= WHAT TO PRODUCE =
Lines before the one containing "Carhartt WIP Hooded" are not wanted; restate the rest below word for word, through the last line, but drop any pictures.
###
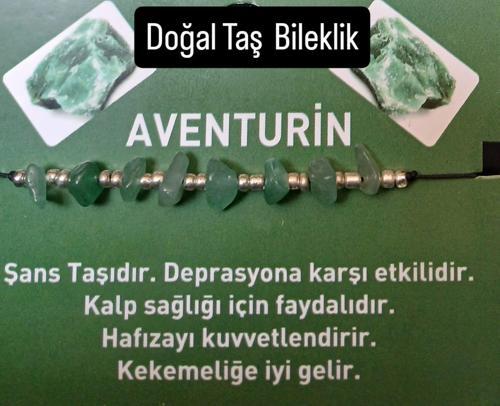 AVENTURİN DOĞAL TAŞ BİLEKLİK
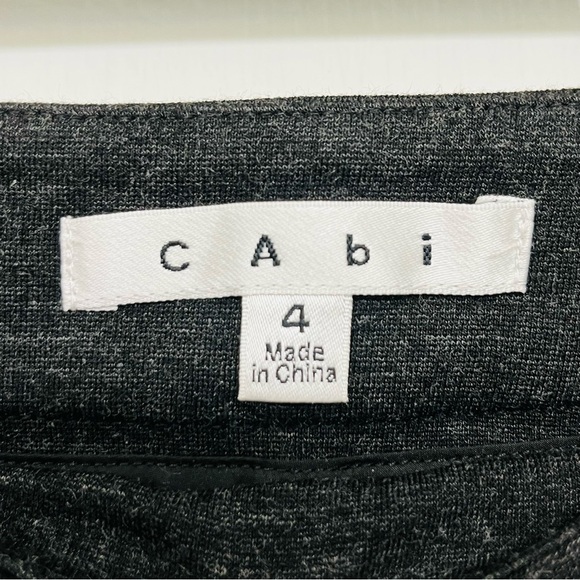 Cabi 967 Audrey charcoal gray side zip tapered leg pants, size 4. - Picture 5 of 7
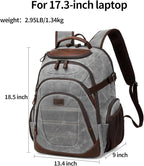 Travel Laptop Backpack 17.3 inch XL Computer Backpack - Image 4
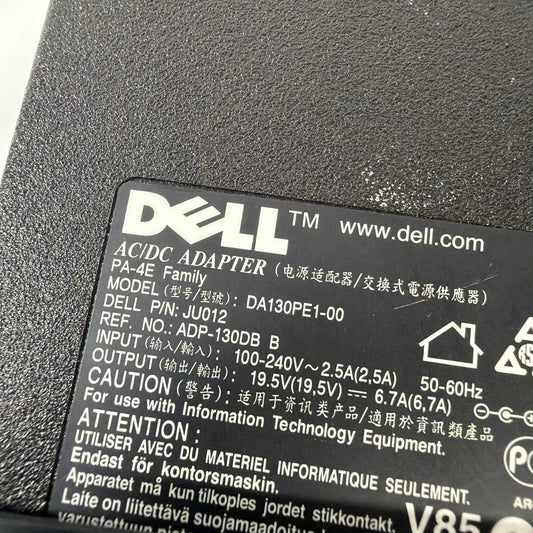 Dell 130W Laptop AC Adapter Charger DA130PE1-00 JU012 19.5V 6.7A 7.4mm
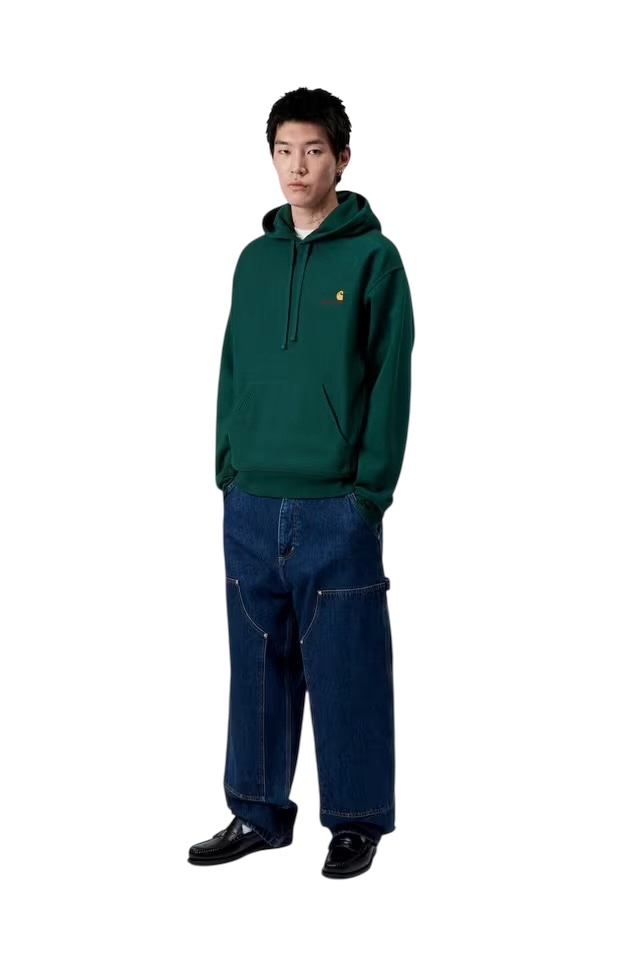 Carhartt WIP Hooded American Script - Dark Fir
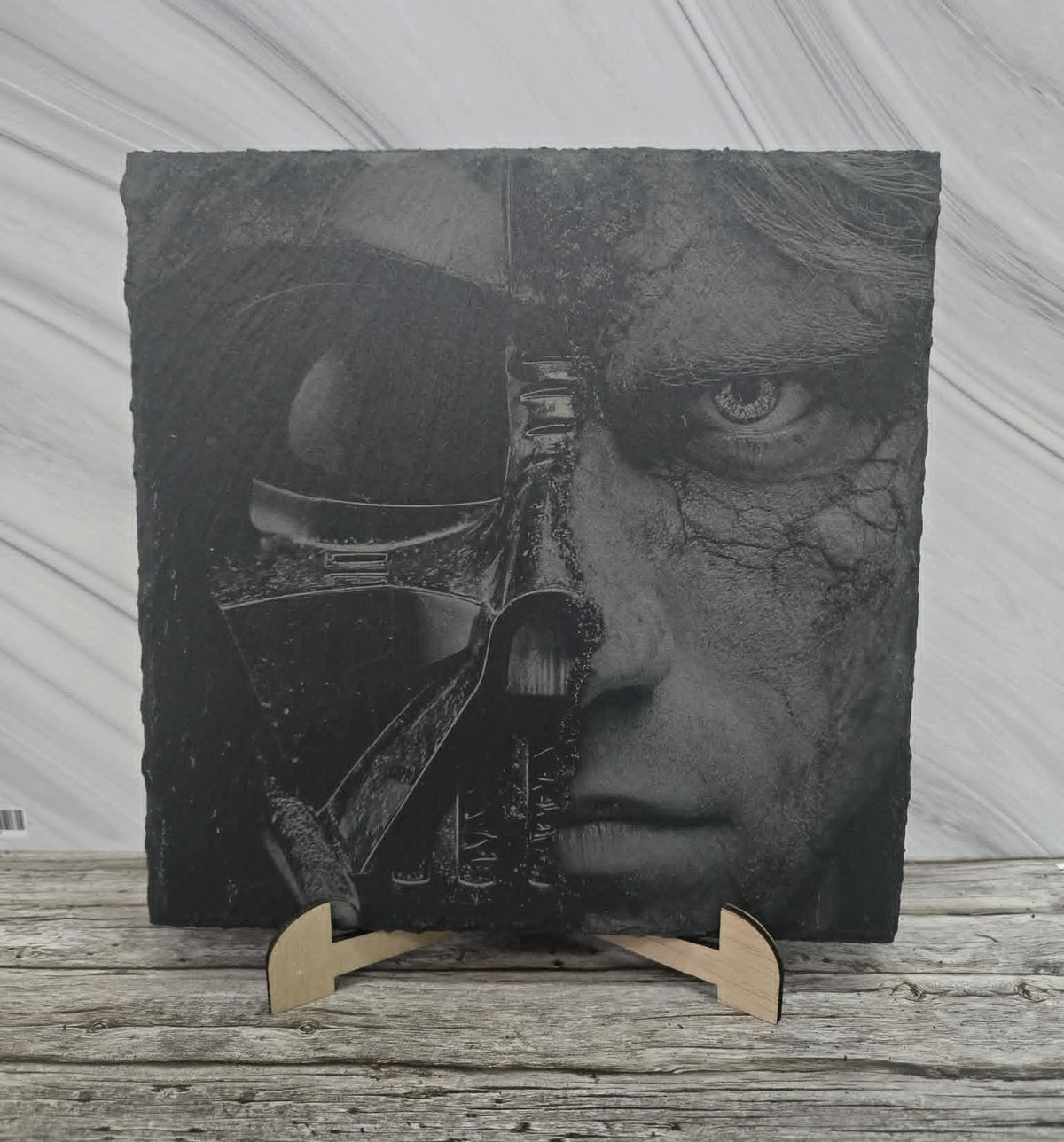 Гравирана вулканична плочка Star Wars Dart Vader/Anakin
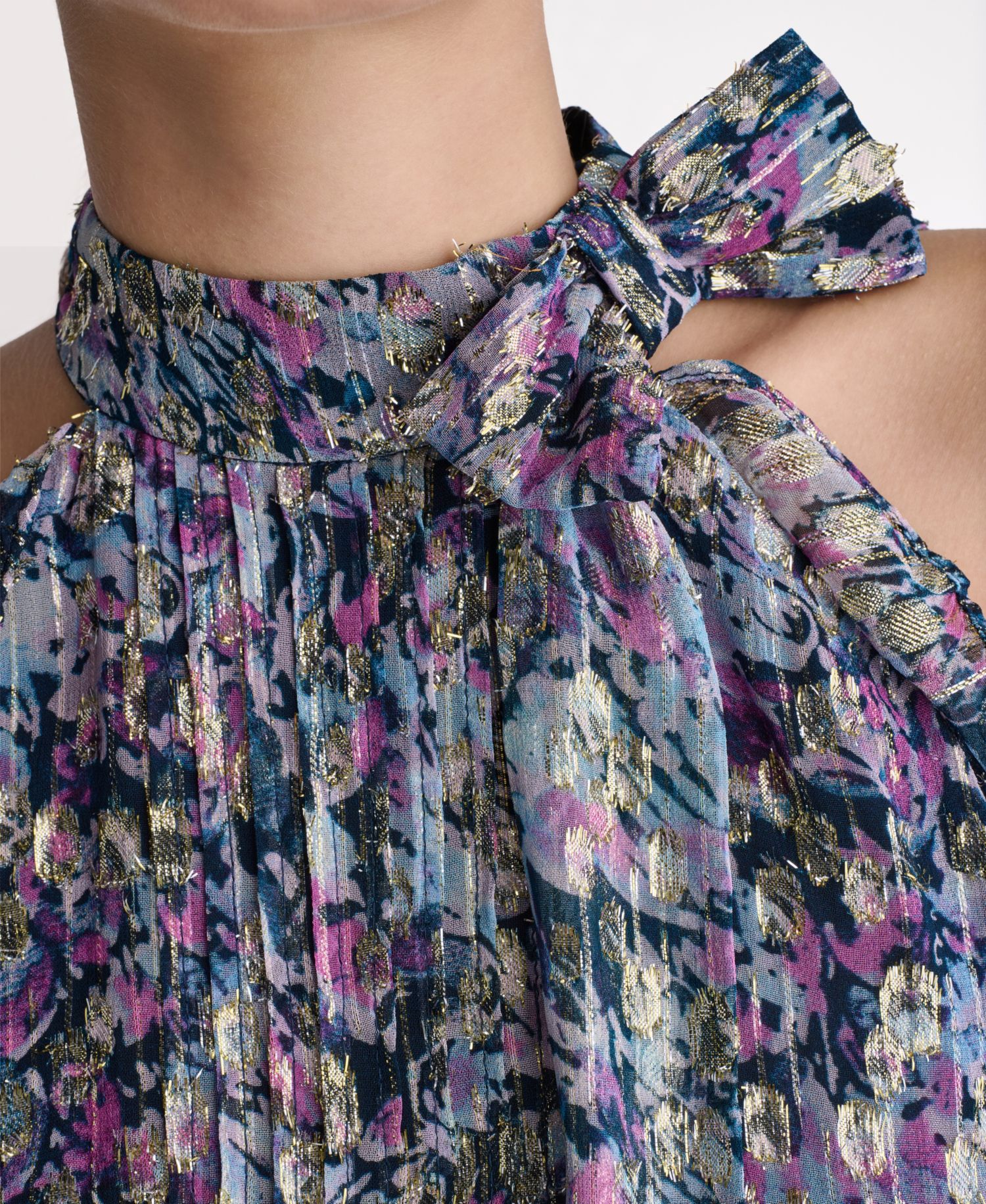 Women's Printed Sleeveless Halter Top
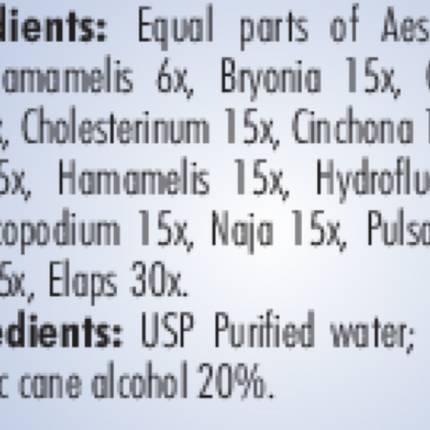 Newton Pro PRO Varicose Veins #37 1 oz Supplement Facts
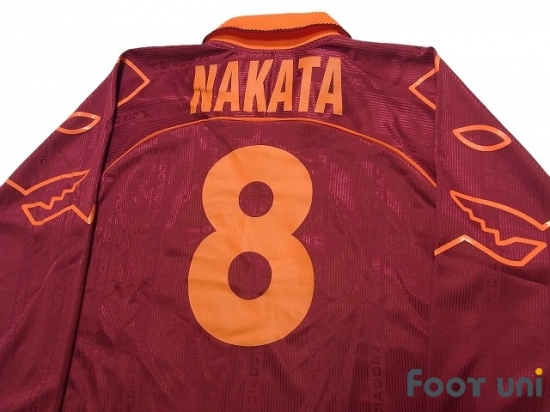 AS Roma 1999-2000 Home Long Sleeve Shirt #8 Hidetoshi Nakata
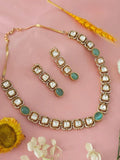 Mint Green & Blush Pink Kundan Set | Festive Jewelry for Women | Indian Bridal Jewelry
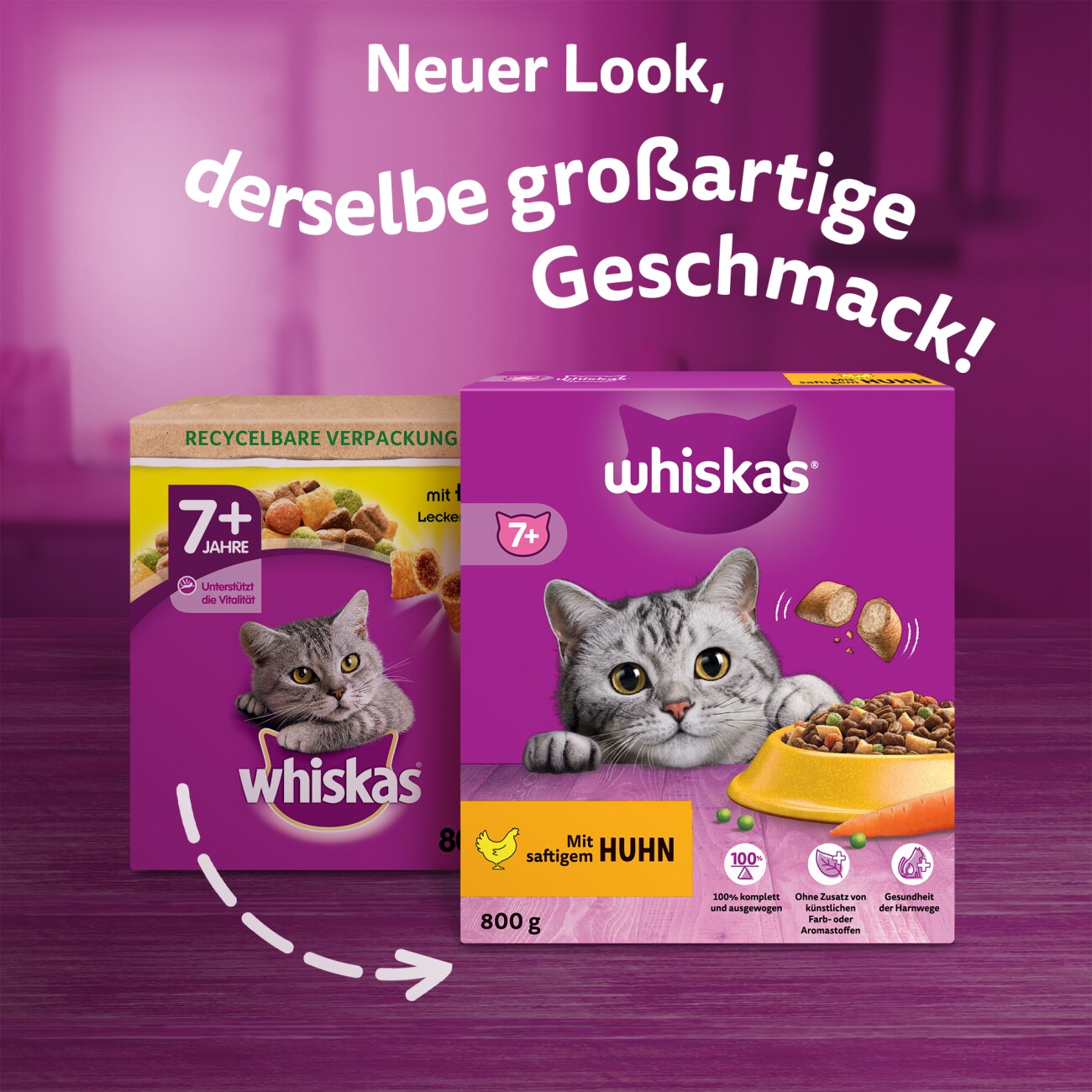 Whiskas Senior 7+ mit Huhn 800 g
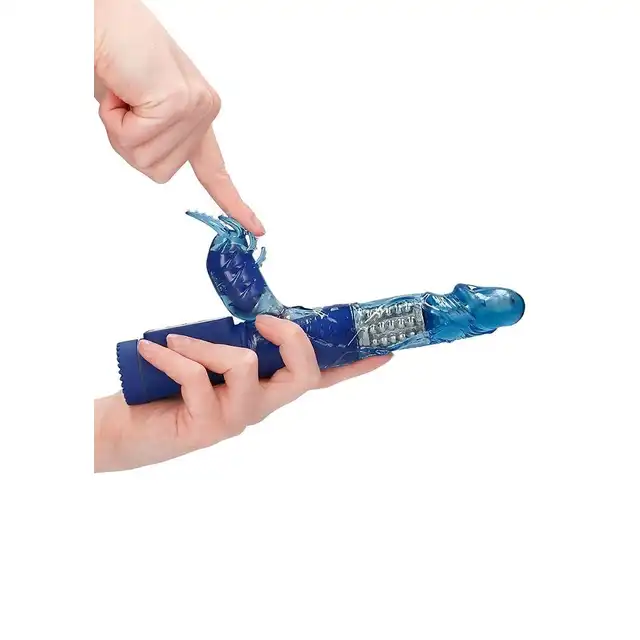 Shots Toys - Rotating Beetle. Rotacyjny wibrator ze stymulatorem łechtaczki w kształcie żuka. 4 języczki. 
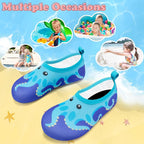 Deevike Kids Water Shoes Boys Grils Barefoot Quick Dry Aqua Socks Beach Shoes for Toddler Sports Swim Surf Outdoor Walking
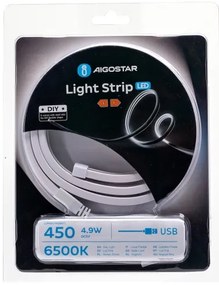 Aigostar - Striscia LED 1m 4,9W 5V 6500K IP65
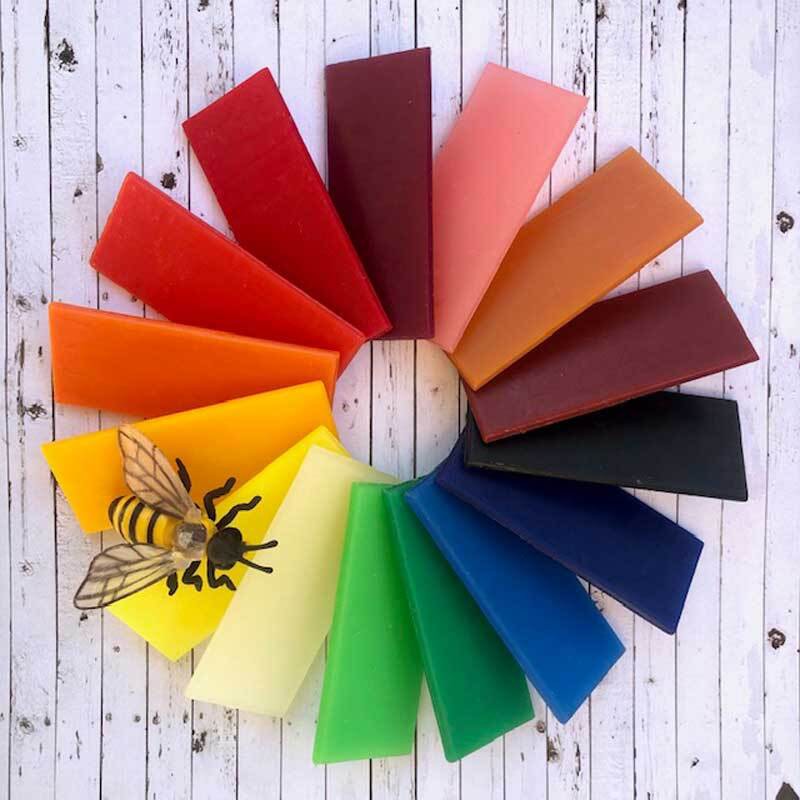 ขี้ผึ้งสำหรับปั้น Stockmar Modelling Beeswax 100x40 mm - yellow green
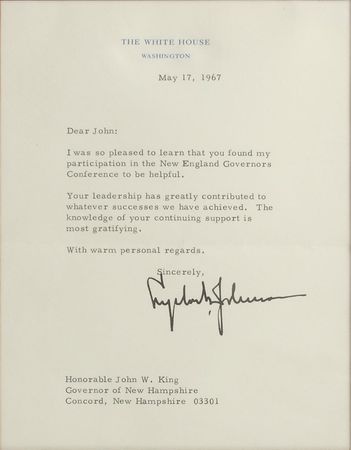 Lot #77 Lyndon B. Johnson Typed Letter Signed - Image 2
###
= WORKED SOLUTION =
 Carhartt WIP Hooded American Script - Dark Fir
 Гравирана вулканична плочка Star Wars Dart Vader/Anakin
 Women's Printed Sleeveless Halter Top
 Newton Pro PRO Varicose Veins #37 1 oz Supplement Facts
 AS Roma 1999-2000 Home Long Sleeve Shirt #8 Hidetoshi Nakata
 Mint Green & Blush Pink Kundan Set | Festive Jewelry for Women | Indian Bridal Jewelry
 Whiskas Senior 7+ mit Huhn 800 g
 Shots Toys - Rotating Beetle. Rotacyjny wibrator ze stymulatorem łechtaczki w kształcie żuka. 4 języczki. 
 Deevike Kids Water Shoes Boys Grils Barefoot Quick Dry Aqua Socks Beach Shoes for Toddler Sports Swim Surf Outdoor Walking
 Aigostar - Striscia LED 1m 4,9W 5V 6500K IP65
 ขี้ผึ้งสำหรับปั้น Stockmar Modelling Beeswax 100x40 mm - yellow green
 Lot #77 Lyndon B. Johnson Typed Letter Signed - Image 2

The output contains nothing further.